By checking the istio-ca-root-cert and certificaterequests we can see that is the same root-ca
shouldnt this be the intermediate ca, not the root?
The only other thing I found odd was in the istio operator the line:
caAddress: cert-manager-istio-csr.cert-manager.svc:443
or is the name "caAddress" a little misleading? surely it doesn't imply the ca is there, but more that this is just a cert provider endpoint now (in place of istiod used to do), which should be leveraging the vault issuer made.
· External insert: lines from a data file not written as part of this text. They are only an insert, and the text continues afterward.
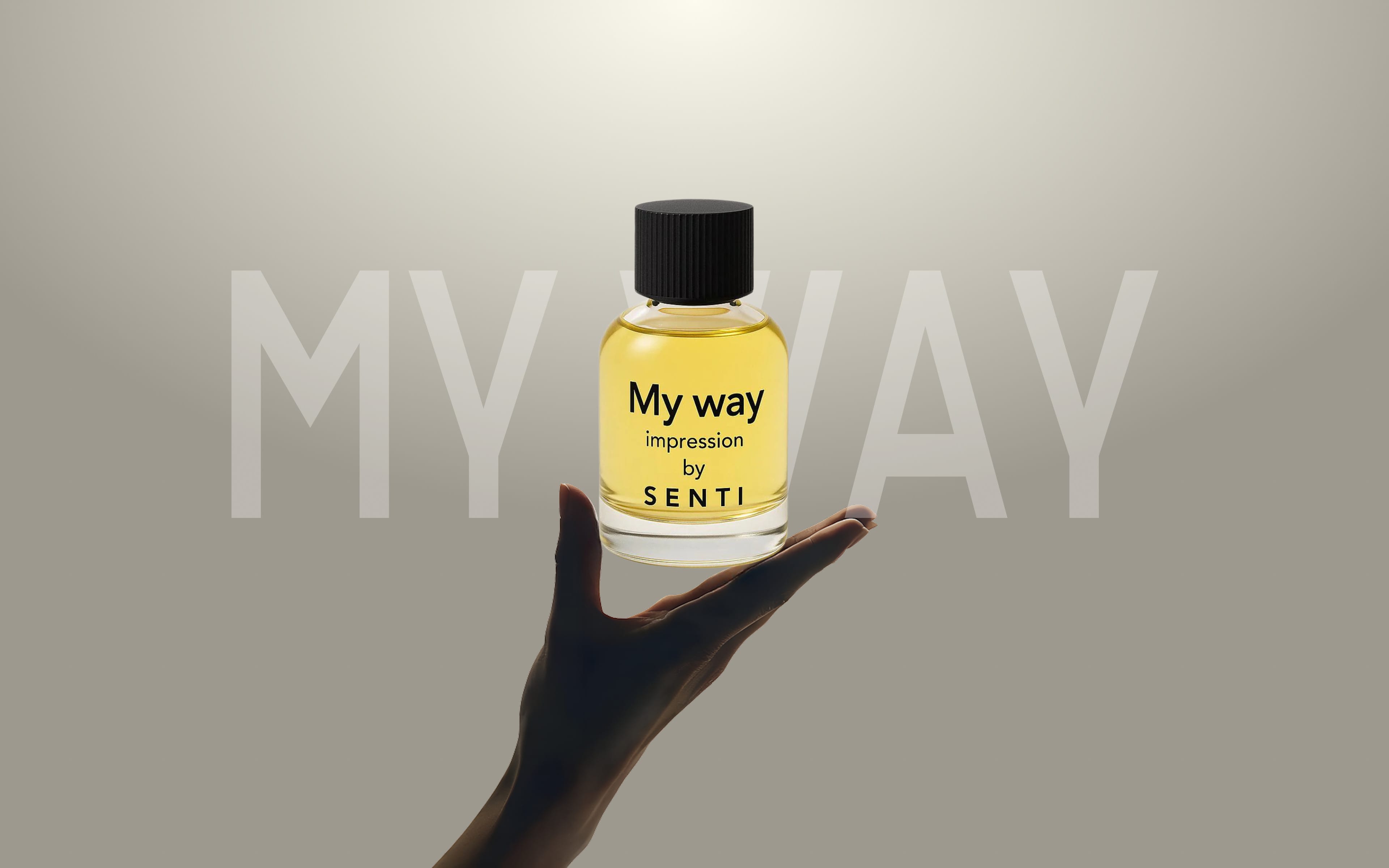 A hand gently presenting a clear Senti 'My Way' Impression perfume bottle, with the text 'MY WAY' partially visible in the background. Second hero image for the fragrance.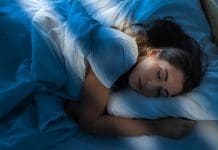 Pretty young woman sleeping restful in bed at morning with sun ray coming in room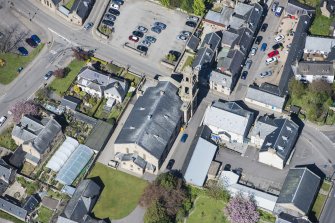 Oblique aerial view of Tain Free Church, looking N.
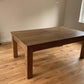 Dining table configuration in games room in farmhouse oak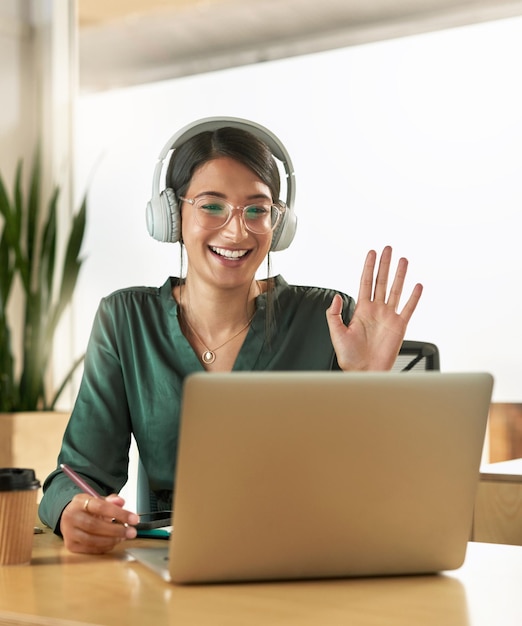 Virtual meeting business woman and wave on a video call with headphones and greeting Laptop working and female employee with webinar at a company with computer and digital communication at office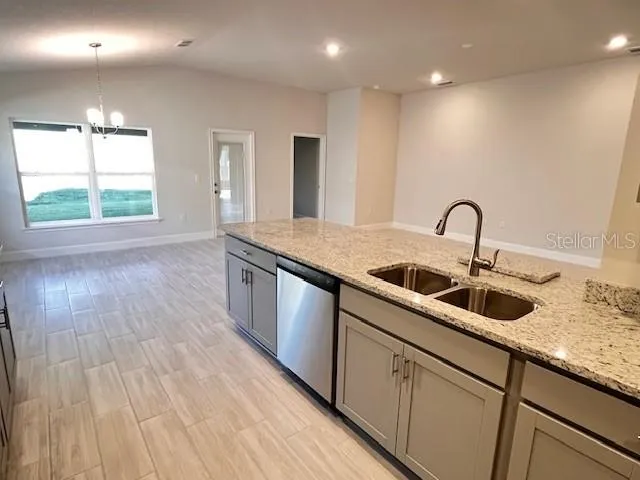 a kitchen with kitchen island granite countertop a sink and wooden floors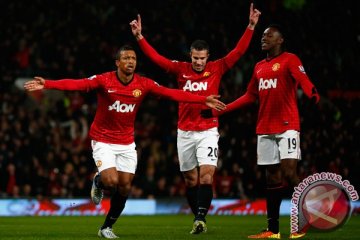 Manchester United menatap sejarah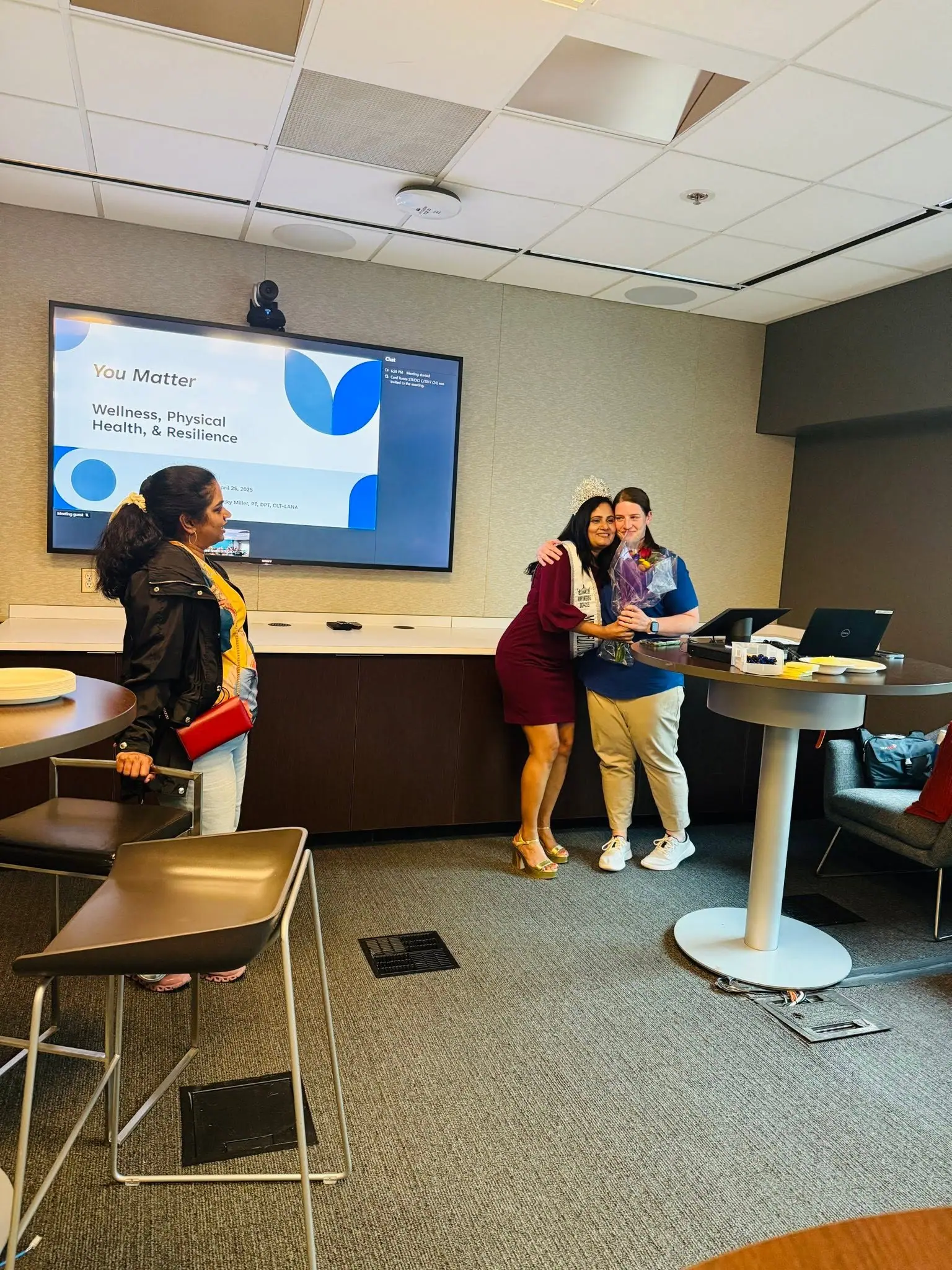 A titleholder at a wellness and resilience talk
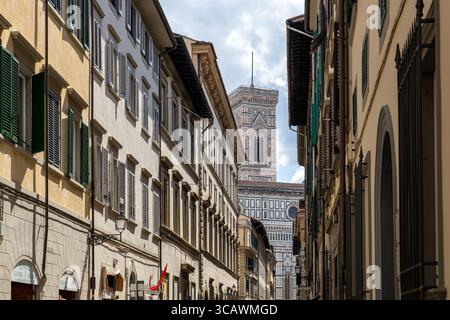 Firenze, Italia - 10 maggio 2025: Veduta del Campanile di Giotto incorniciato da edifici storici in una stradina stretta Foto Stock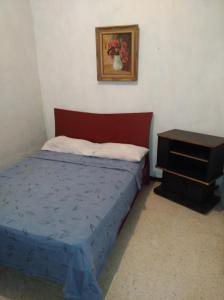 1 dormitorio con 1 cama y 1 mesa con un jarrón en la pared en Candida, en Caracas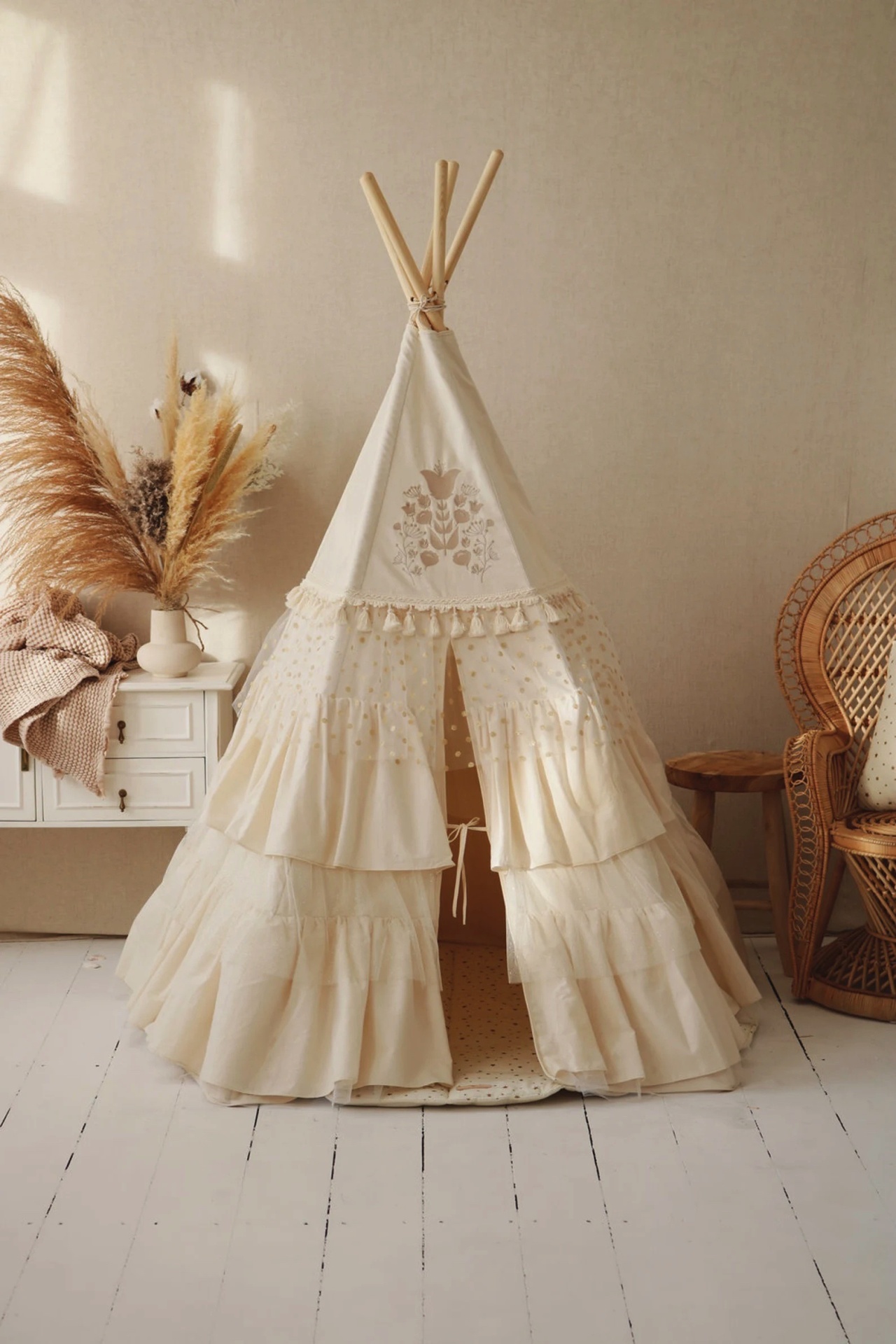 Tenda tipi infantil creme com folhos e padrão floral, em quarto com móveis e cadeira de vime.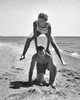 Young couple playing leapfrog on the beach Poster Print - Item # VARSAL2558794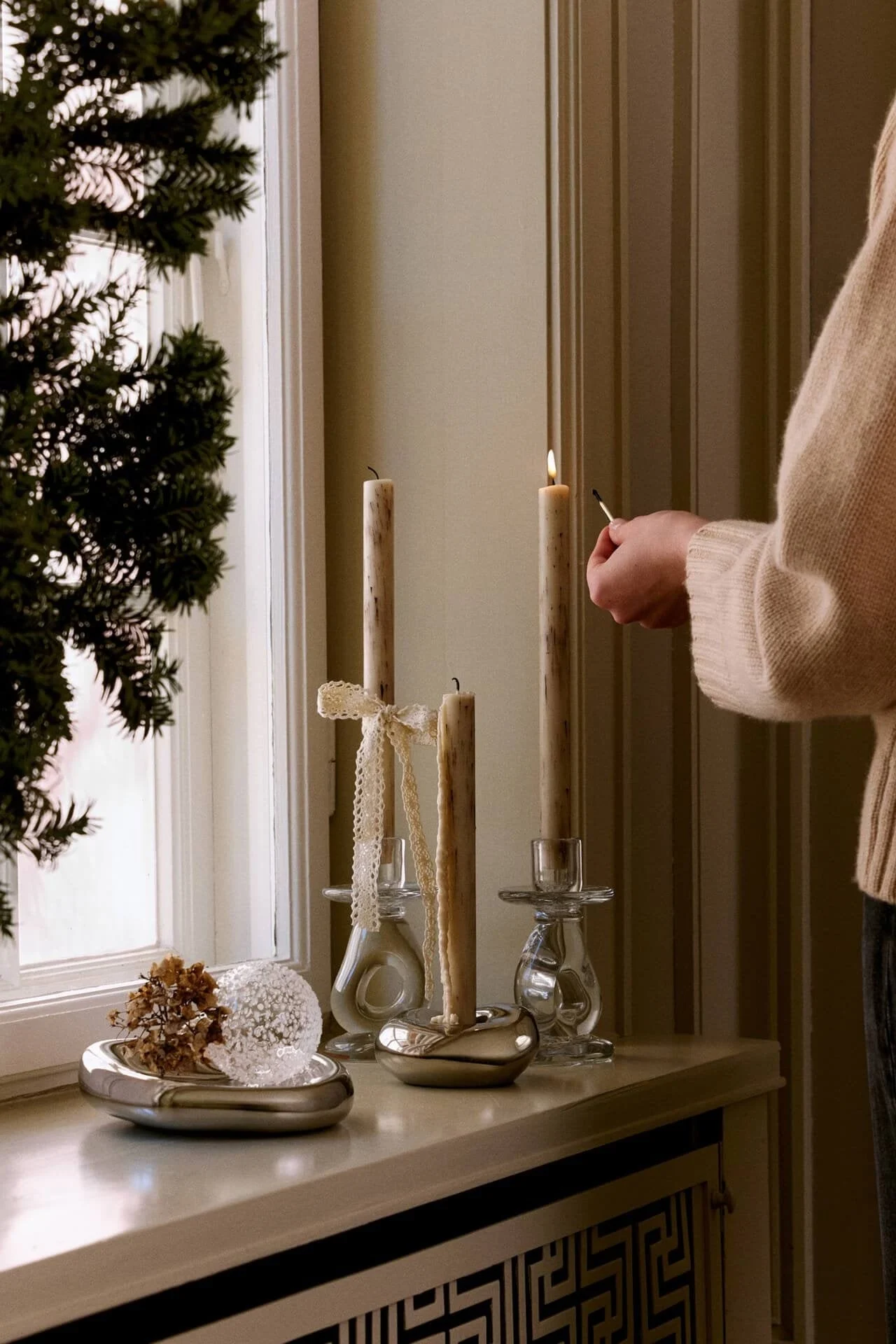 A person lights a tall, textured candle on a windowsill with other candles, a silver dish of dried flowers, and a clear sphere.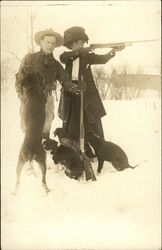 Man and woman with rifles, dogs at feet Postcard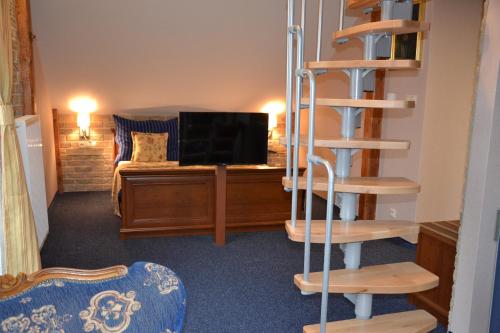a room with a spiral staircase and a living room at Penzion Aurooms in Zlatníky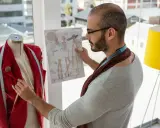 Mężczyzna z wąsami i okularami, wpatrzony w szkic sukienek, przygotowuje się do stworzenia kolekcji jak najsłynniejsi projektanci mody.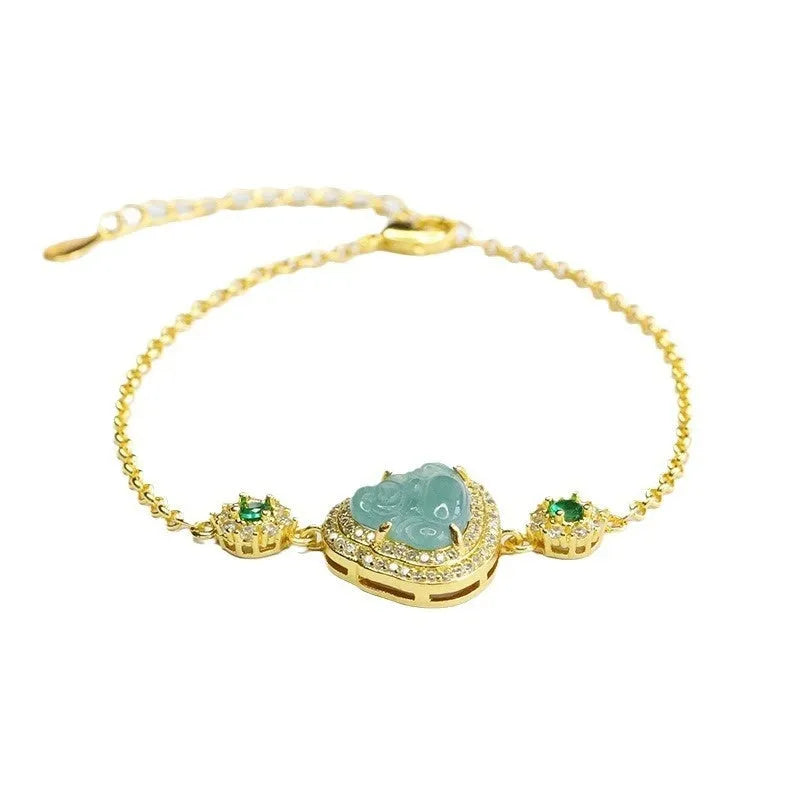 Close-up of a blue water Maitreya Buddha jade bracelet with inlaid details.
Unless, perhaps the ca really is there, and istio-csr simply copies it/hosts it there?
not sure if that should also be in the docs section but as someone trying to connect all the dots thats what went through my mind.
In the istio-csr section you reference the official docs bootstrap example: https://github.com/cert-manager/istio-csr/blob/master/hack/demo/cert-manager-bootstrap-resources.yaml
but this is creating a new ca and new issuer, this seems to go against your diagram where its the intermediate ca being referenced is from the vault.
So did you more or less follow that bootstrap or did you tell istio-csr to use the intermediate ca's you created during pki section? if you did the latter what did that look like because I'm having trouble connecting the dots here, the main reason i could see to do a new Certificate with isCA: true referencing the issuer created during cert manager section is that ca (istio-ca) is made as a secret which can be used by istio-csr. So Im a little lost at this part because that bootstrap resources example seems to be made for a vault-less scenario.
Btw, it goes without saying this is an amazing guide though.